PROBLEM TO WORK ON:
Only the text carries over: repeat the records exactly and drop the images.

[Start of Attachment]

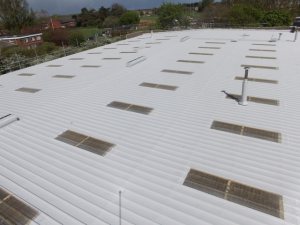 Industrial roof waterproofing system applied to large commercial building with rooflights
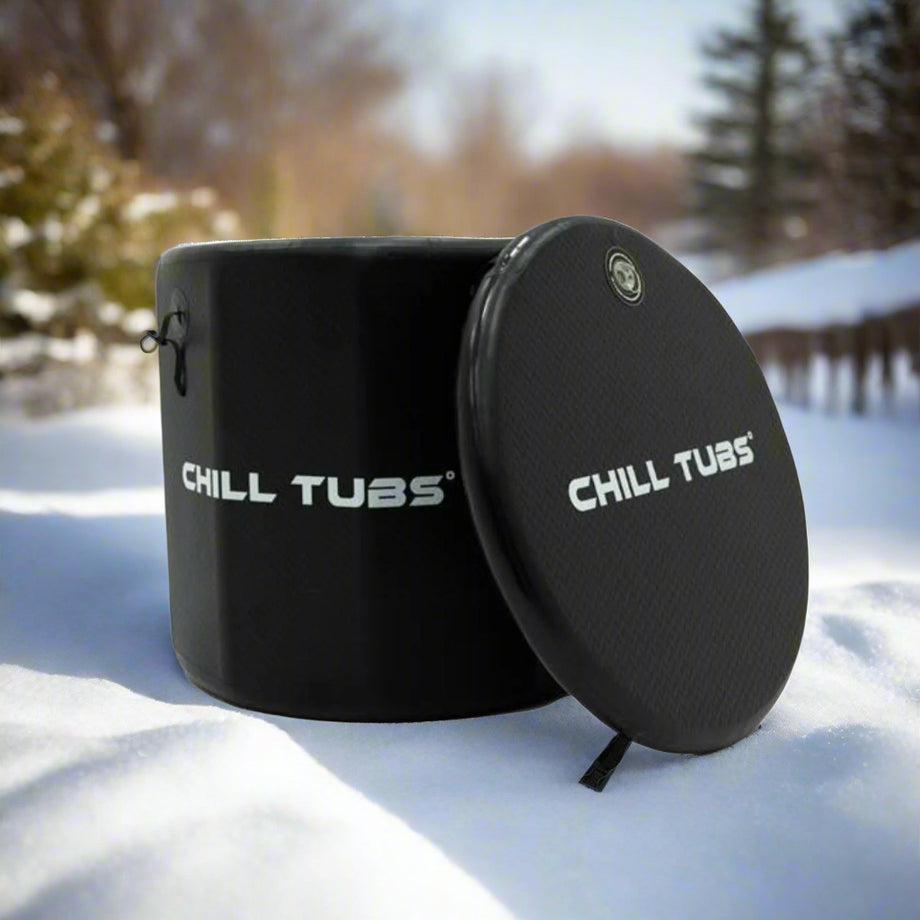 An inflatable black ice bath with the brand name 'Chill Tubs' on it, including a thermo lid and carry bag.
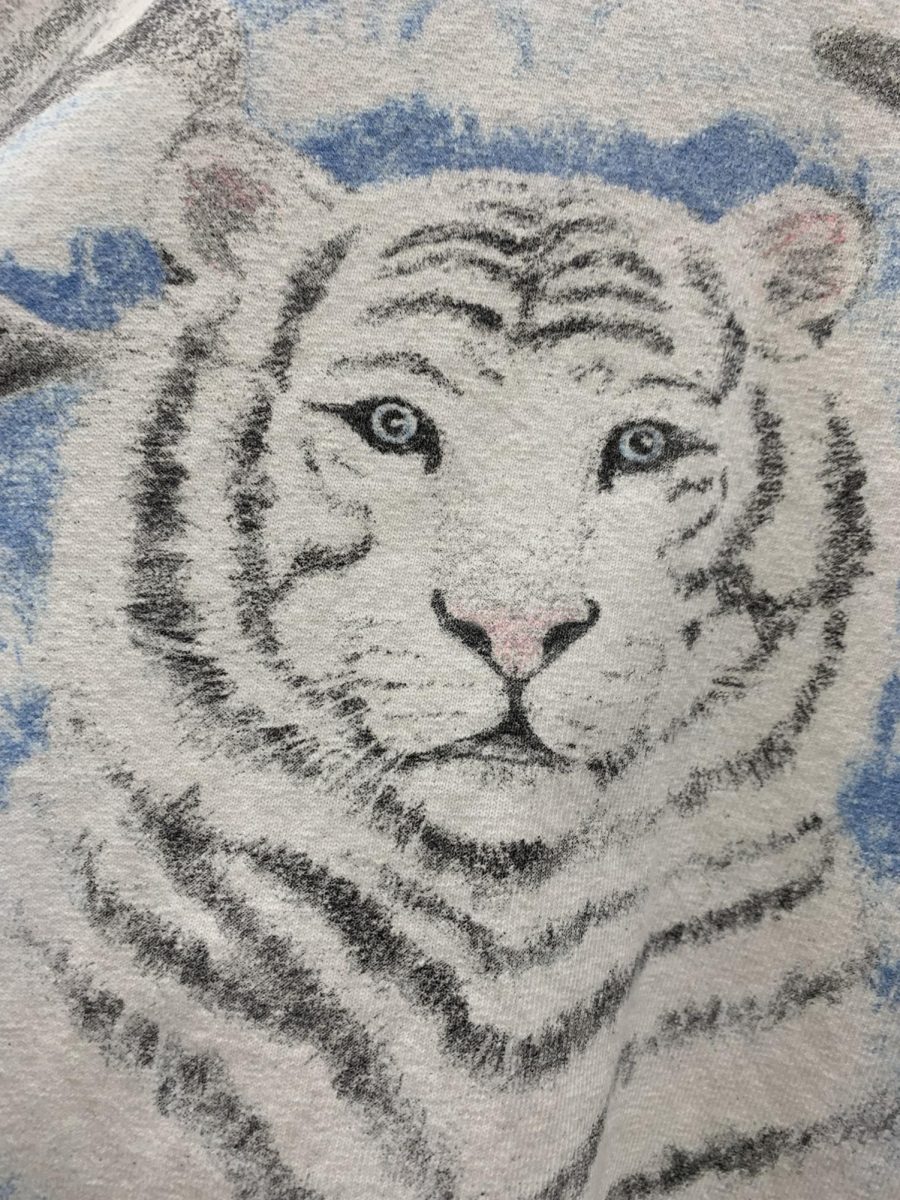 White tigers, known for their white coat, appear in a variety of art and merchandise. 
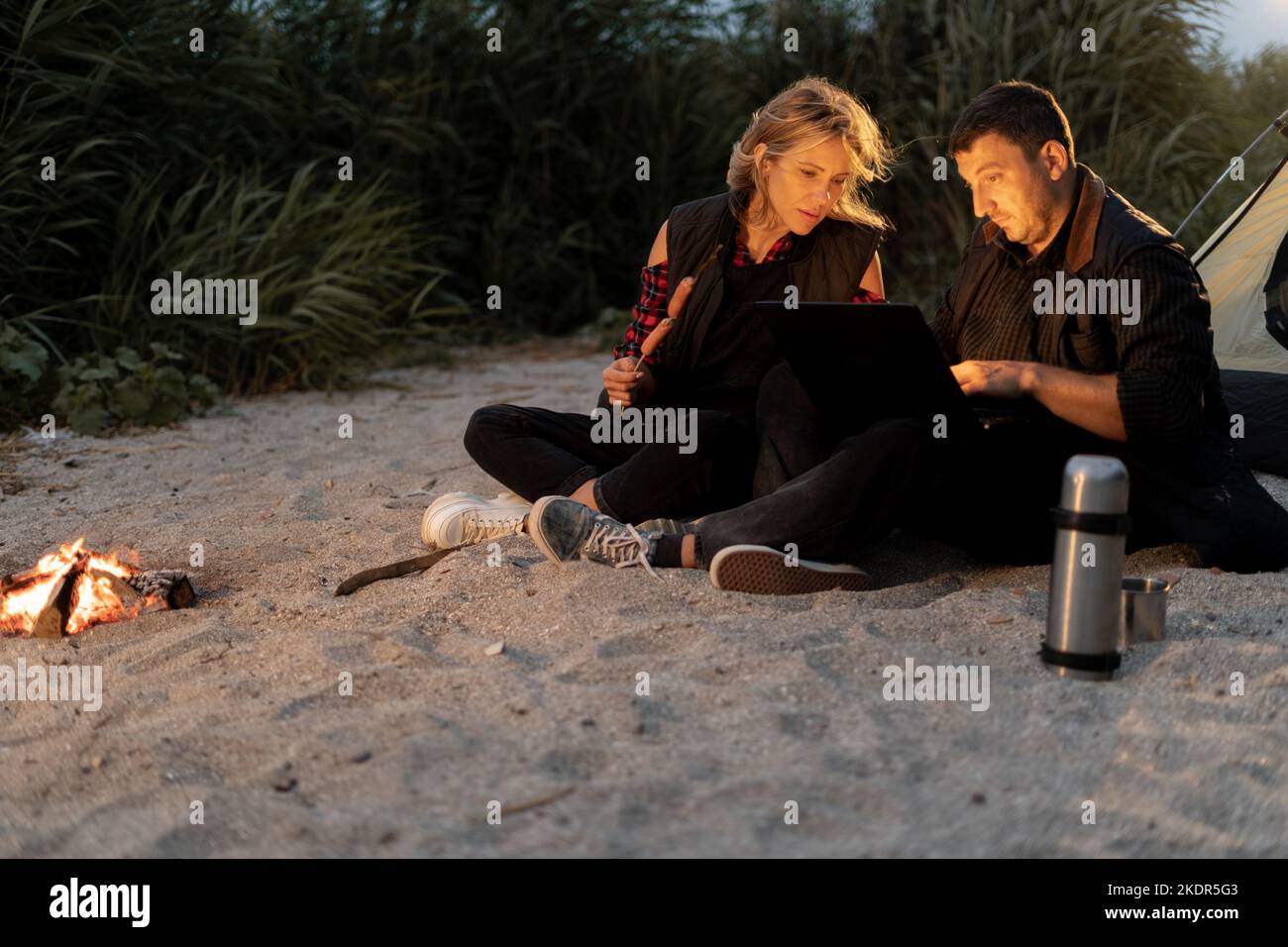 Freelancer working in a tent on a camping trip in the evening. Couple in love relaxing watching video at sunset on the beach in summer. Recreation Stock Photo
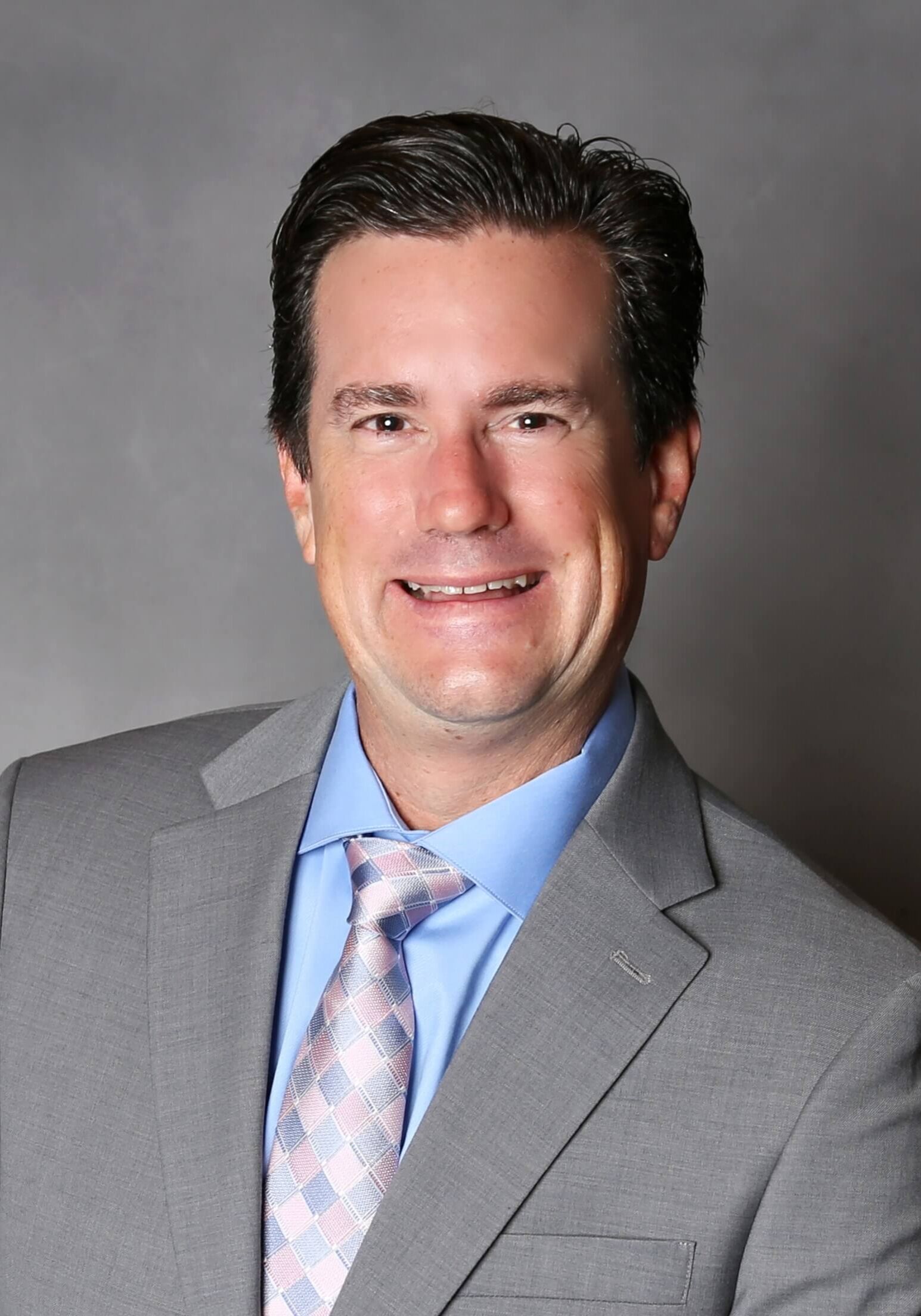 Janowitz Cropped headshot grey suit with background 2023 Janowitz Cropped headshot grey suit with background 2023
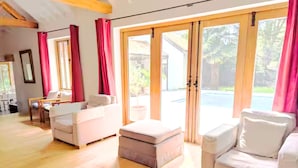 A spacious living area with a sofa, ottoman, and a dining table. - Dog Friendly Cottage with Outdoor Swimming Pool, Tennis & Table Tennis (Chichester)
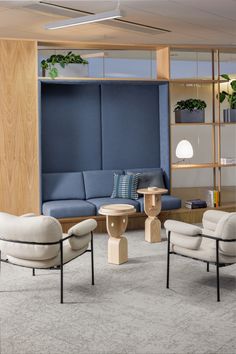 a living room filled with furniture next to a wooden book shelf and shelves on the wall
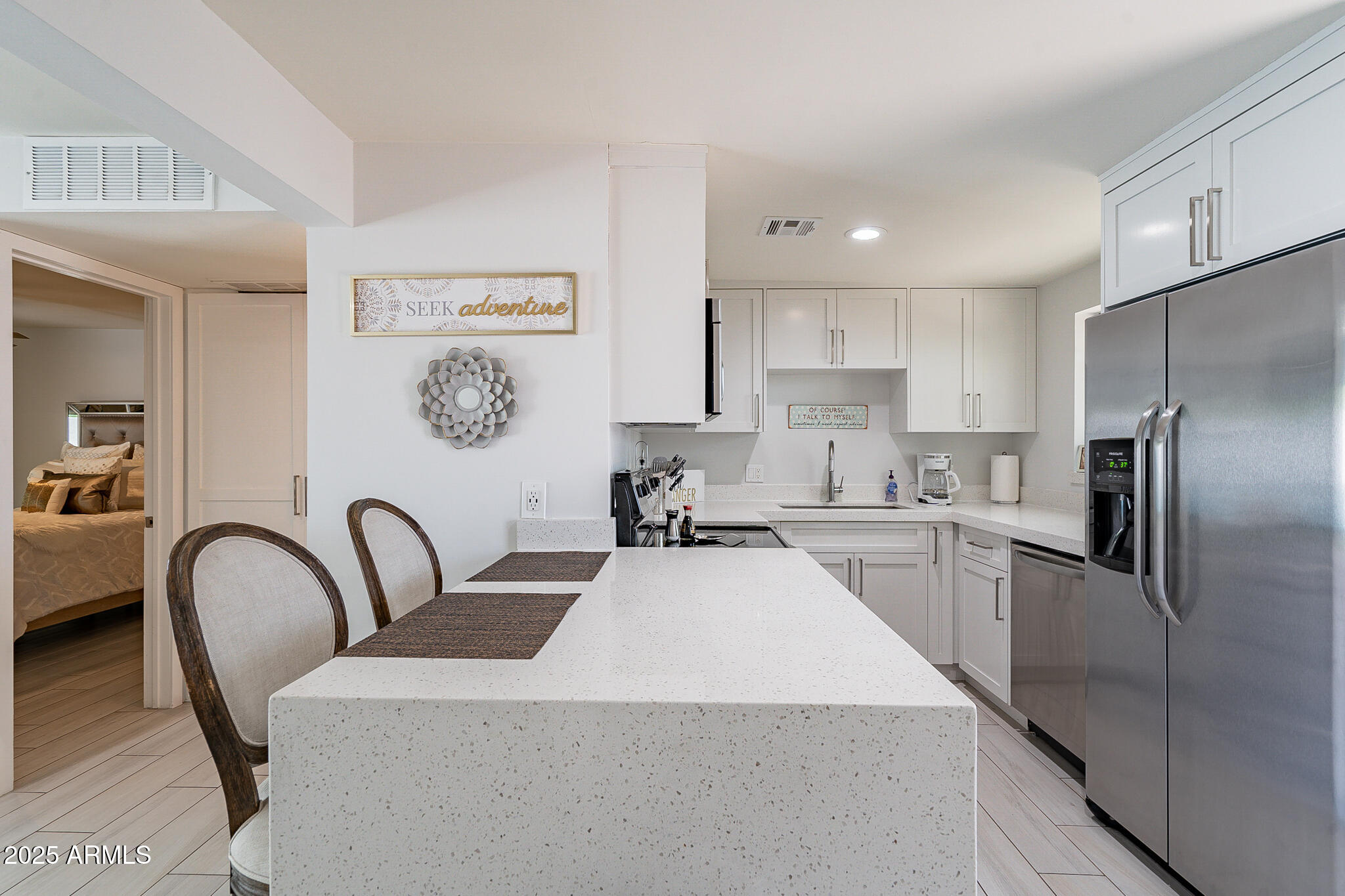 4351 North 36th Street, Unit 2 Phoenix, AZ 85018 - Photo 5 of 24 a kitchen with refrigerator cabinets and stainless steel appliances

[End of Attachment]

RESULT OF THIS TASK:
 Industrial roof waterproofing system applied to large commercial building with rooflights
 An inflatable black ice bath with the brand name 'Chill Tubs' on it, including a thermo lid and carry bag.
 White tigers, known for their white coat, appear in a variety of art and merchandise. 
 Freelancer working in a tent on a camping trip in the evening. Couple in love relaxing watching video at sunset on the beach in summer. Recreation Stock Photo
 Janowitz Cropped headshot grey suit with background 2023 Janowitz Cropped headshot grey suit with background 2023
 A spacious living area with a sofa, ottoman, and a dining table. - Dog Friendly Cottage with Outdoor Swimming Pool, Tennis & Table Tennis (Chichester)
 a living room filled with furniture next to a wooden book shelf and shelves on the wall
 4351 North 36th Street, Unit 2 Phoenix, AZ 85018 - Photo 5 of 24 a kitchen with refrigerator cabinets and stainless steel appliances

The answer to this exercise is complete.